Vêtu d'un treillis, l'un d'eux balaie du regard le plateau avec l'air de trouver tout le monde suspect. Il porte une kalachnikov, l'index sur le pontet, en position de sécurité. Véritable pop-star en Afghanistan, Aryana fait partie des jurés de l'émission. Sur scène, elle écoute deux candidats se livrer un duel en chansons. D'un signe de tête, elle les encourage, danse doucement, sans excès: les images seront diffusées dans tout le pays.
"Il faut que je fasse attention à tout ce que je fais", explique à l'AFP la chanteuse de 28 ans. "Parce que tout va être étudié, même la façon dont je ris".
Une robe trop moulante? On attaque sa vertu. Des boucles d'oreilles "peace and love"? Elle devient l'émissaire du diable. "En Afghanistan, beaucoup de gens n'acceptent pas de voir une femme chanter sur une scène, en particulier si elle n'est pas voilée", dit cette jeune femme à l'épaisse chevelure noire, à la féminité assumée.

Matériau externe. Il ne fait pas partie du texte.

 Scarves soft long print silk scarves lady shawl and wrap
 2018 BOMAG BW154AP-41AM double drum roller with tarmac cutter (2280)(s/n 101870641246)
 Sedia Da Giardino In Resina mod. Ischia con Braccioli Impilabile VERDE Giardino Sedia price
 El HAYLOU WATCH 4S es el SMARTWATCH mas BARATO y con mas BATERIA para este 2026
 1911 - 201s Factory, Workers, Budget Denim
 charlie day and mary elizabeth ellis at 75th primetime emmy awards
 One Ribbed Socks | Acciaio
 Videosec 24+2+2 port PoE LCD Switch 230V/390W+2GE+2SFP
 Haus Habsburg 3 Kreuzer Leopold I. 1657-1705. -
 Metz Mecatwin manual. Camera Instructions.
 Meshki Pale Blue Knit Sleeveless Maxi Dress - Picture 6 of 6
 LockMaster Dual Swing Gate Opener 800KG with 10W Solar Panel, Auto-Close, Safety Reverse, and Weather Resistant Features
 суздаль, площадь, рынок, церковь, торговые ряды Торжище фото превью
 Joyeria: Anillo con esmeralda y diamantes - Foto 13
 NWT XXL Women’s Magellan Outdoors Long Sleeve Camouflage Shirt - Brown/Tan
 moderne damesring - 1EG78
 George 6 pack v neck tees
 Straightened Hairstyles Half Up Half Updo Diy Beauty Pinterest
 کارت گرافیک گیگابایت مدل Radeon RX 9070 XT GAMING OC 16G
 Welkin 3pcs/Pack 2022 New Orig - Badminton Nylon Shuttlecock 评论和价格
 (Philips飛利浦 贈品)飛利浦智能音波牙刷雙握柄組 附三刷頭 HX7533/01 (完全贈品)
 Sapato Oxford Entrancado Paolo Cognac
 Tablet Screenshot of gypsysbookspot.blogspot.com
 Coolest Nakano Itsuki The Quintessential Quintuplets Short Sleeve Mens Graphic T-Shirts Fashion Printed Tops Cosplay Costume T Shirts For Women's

"J'ai envie de changer les choses dans ce pays dominé par les hommes. Je suis là pour montrer l'exemple de quelqu'un qui se bat", assure la chanteuse, qui partage sa vie entre Londres et Kaboul.
Cet engagement, Aryana le traduit dans ses chansons. L'un de ses clips raconte la vie de ces Afghanes que des hommes ont privées des droits les plus élémentaires. "Parce que je suis femme, je suis esclave", chante-t-elle sur fond d'images de femmes en burqa. Cette liberté de ton a un prix: Aryana n'est pas seulement la cible de critiques, mais aussi de menaces de mort. "J'ai peur d'être attaquée", confie-t-elle. "J'ai fait un pacte avec mon manager: si un jour on tente de m'enlever, je veux qu'il me tire dessus, qu'il me tue avant qu'on me prenne".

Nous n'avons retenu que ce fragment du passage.